Location: Plant, Soil and Nutrition Research2013 Annual Report
1a. Objectives (from AD-416):
1. Select progeny based on genomic selection (GS) and phenotypic selection and compare their performance in subsequent field trials. 2. Assess the ability of GS to predict the true breeding value of a parent 3. Determine whether a trained GS model maintains accuracy over cycles of breeding. 4. Use simulations to assess scenarios for the introduction and implementation of GS in a breeding program to optimize short- and long-term success over cycles of GS.

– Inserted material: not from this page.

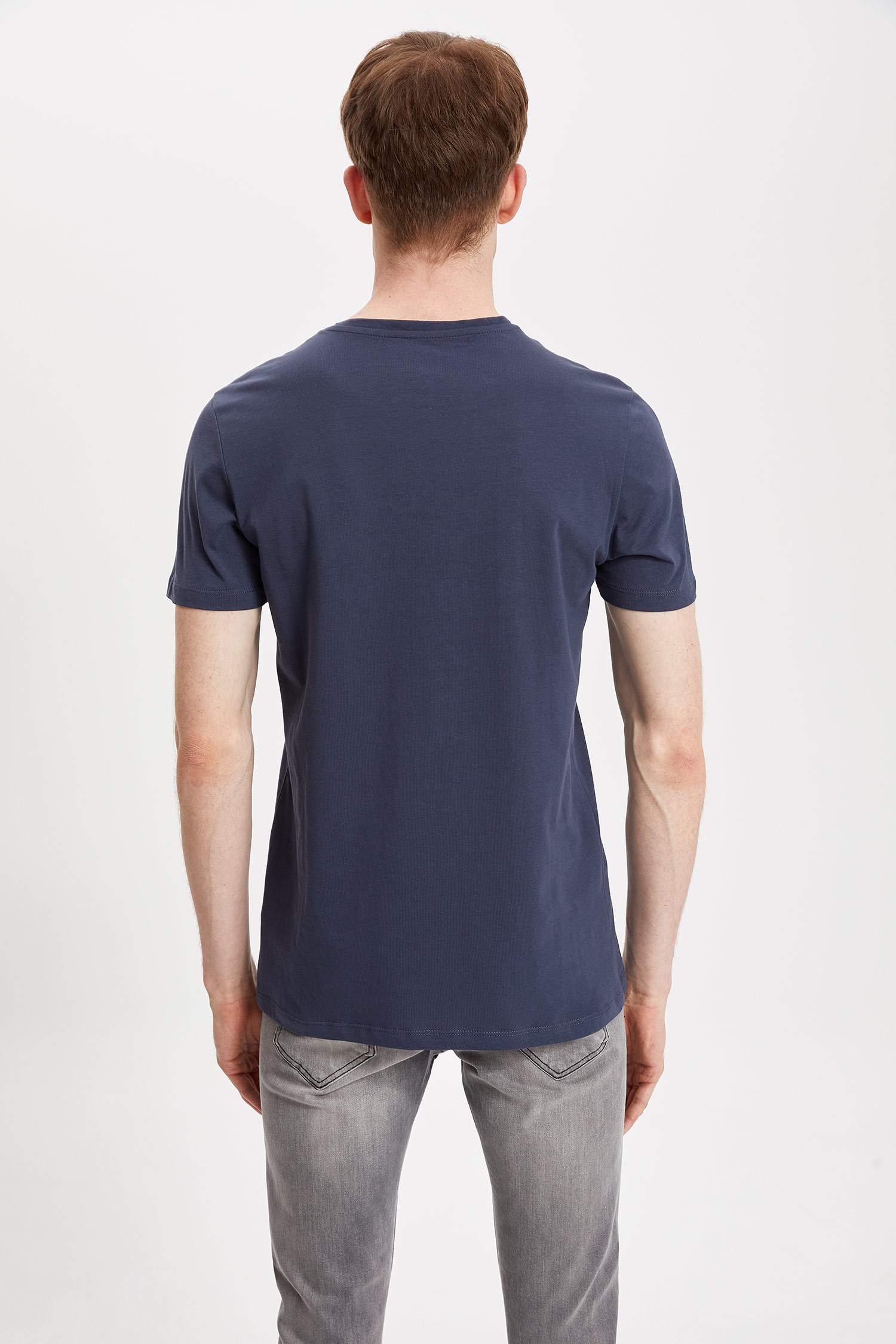 Defacto Baskılı Slim Fit Kısa Kollu T-shirt. 5 Defacto Baskılı Slim Fit Kısa Kollu T-shirt. 5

1b. Approach (from AD-416):
Cooperating PI’s will run field experiments on sets of progeny to obtain phenotypic data; they will also extract DNA and obtain marker data. We will analyze these data using several genomic selection methods to generate predictions of breeding and genetic values based on marker data. In parallel, we will use these data and other data available from historical trials to estimate breeding and genetic values directly from phenotype and pedigree data. We will then correlate predictions with directly observed data to evaluate the accuracy of genomic selection.
3. Progress Report:
Short-term success of genomic selection (GS) depends in part on optimizing investment in genotyping and phenotyping. Given that genotypes can be used to model relatedness among individuals, they can also improve evaluation of individuals that have also been phenotyped. We modeled the optimization problem of determining what fraction, if any, of genotyped experimental lines should not be phenotyped but assessed on prediction only. This problem is being addressed in the context of biparental populations. The optimization differs depending on whether the objective is to increase the mean of a group of lines that will be intermated or to identify, within a population, the single individual with the highest performance. From long-term selection experiments in model systems, we know that mutation can play an important role in long-term response. However, GS will not adequately capture contributions from new mutations. We have run simulation experiments to assess what impact this issue might have on medium and long-term gain, and whether approaches can be developed to improve GS capture of mutational events. Application of simple GS methods shows that over the short term, GS outperforms phenotypic selection after a program transitions to GS, but that as variation from novel mutation becomes more important, the performance of GS falls below that of phenotypic selection.